Subsidi listrik dialokasikan karena harga jual tenaga listrik lebih rendah dari biaya pokok penyediaan tenaga listrik pada golongan tarif tertentu. Pemerintah harus membayar selisih harga jual dan harga pokok penyediaan tersebut kepada PT PLN (Persero) dalam bentuk subsidi. Alokasi subsidi untuk golongan pelanggan dengan daya rendah (450 VA) tentu berbeda dengan subsidi untuk golongan pelanggan dengan daya yang lebih tinggi.

Pencabutan subsidi listrik dan penyesuaian tarif hanya dikenakan pada pelanggan rumah tangga golongan 900 VA yang tidak layak disubsidi. Jumlah pelanggan yang subsidinya dicabut didasarkan pada data yang disajikan oleh Tim Nasional Percepatan Penanggulangan Kemiskinan (TNP2K) dan Badan Pusat Statistik.

Berdasarkan Undang-Undang Energi Nomor 30 Tahun 2007, subsidi listrik dikatakan tepat sasaran jika diberikan kepada mereka yang tidak mampu, yakni mereka yang termasuk kategori miskin dan rentan miskin dengan pengeluaran per kapita per bulan di bawah Rp 700.000 (BPS, data Susenas 2014).

content

Data Susenas 2014 menunjukkan, ada sekitar 7 juta pelanggan rumah tangga golongan 900 VA merupakan kelompok rumah tangga yang telah mampu karena termasuk dalam kelompok pengeluaran per kapita di atas Rp 1,7 juta per bulan. Jika subsidi energi sejatinya diperuntukkan bagi masyarakat yang tidak mampu, penyaluran subsidi listrik selama ini belum tepat sasaran.

Sementara itu, berdasarkan Permen ESDM Nomor 28 Tahun 2016 tersebut, pelanggan golongan 450 VA tetap menerima subsidi. Adapun pelanggan rumah tangga golongan 1.300 VA ke atas sudah terlebih dahulu dicabut subsidinya. Pada tahun 2014, tiga golongan pelanggan rumah tangga telah diberlakukan kenaikan tarif listrik secara bertahap menuju keekonomiannya.

Pada pelanggan rumah tangga golongan 1.300 VA, kenaikan tarif listrik dilakukan secara bertahap rata-rata 11,36 persen setiap dua bulan.

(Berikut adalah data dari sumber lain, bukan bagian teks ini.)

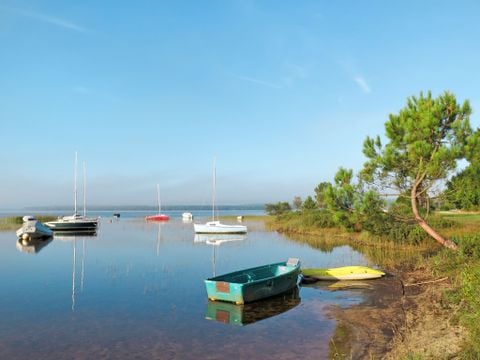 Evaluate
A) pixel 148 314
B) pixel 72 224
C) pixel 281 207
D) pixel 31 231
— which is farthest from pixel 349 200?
pixel 281 207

Adapun pada pelanggan rumah tangga golongan 2.200 VA dan golongan 3.500 VA sampai dengan 5.500 VA, kenaikan listrik secara bertahap masing-masing 10,43 persen dan 5,7 persen setiap dua bulan.

Selain kenaikan tarif listrik pada pelanggan rumah tangga, pada tahun yang sama juga berlaku kenaikan berkala terhadap pelanggan industri I-3 non go public dengan daya di atas 200 kVA, pelanggan pemerintah P-2 dengan daya di atas 200 kVA, dan pelanggan penerangan jalan umum P-3.

Kenaikan tarif listrik pada 2014 ini berdampak pada berkurangnya realisasi subsidi listrik pada tahun 2015 yang menjadi Rp 73,14 triliun atau turun 30 persen dibandingkan dengan realisasi 2014. Realisasi subsidi listrik 2016 diperkirakan juga bisa lebih rendah setelah APBN-P mematok subsidi listrik sebesar Rp 50,66 triliun.

Subsidi berkeadilan

Warga  Rusun Bendungan Hilir, Jakarta, mengisi voucher listrik prabayar, Rabu (23/11/2016). Pemerintah akan menaikkan tarif dasar listrik bagi kelompok pelanggan 900 VA yang mampu mulai Januari 2017. Tarif listrik golongan ini  secara bertahap akan disesuaikan dengan tarif keekonomian.
KOMPAS/TOTOK WIJAYANTOWarga Rusun Bendungan Hilir, Jakarta, mengisi voucher listrik prabayar, Rabu (23/11/2016). Pemerintah akan menaikkan tarif dasar listrik bagi kelompok pelanggan 900 VA yang mampu mulai Januari 2017. Tarif listrik golongan ini secara bertahap akan disesuaikan dengan tarif keekonomian.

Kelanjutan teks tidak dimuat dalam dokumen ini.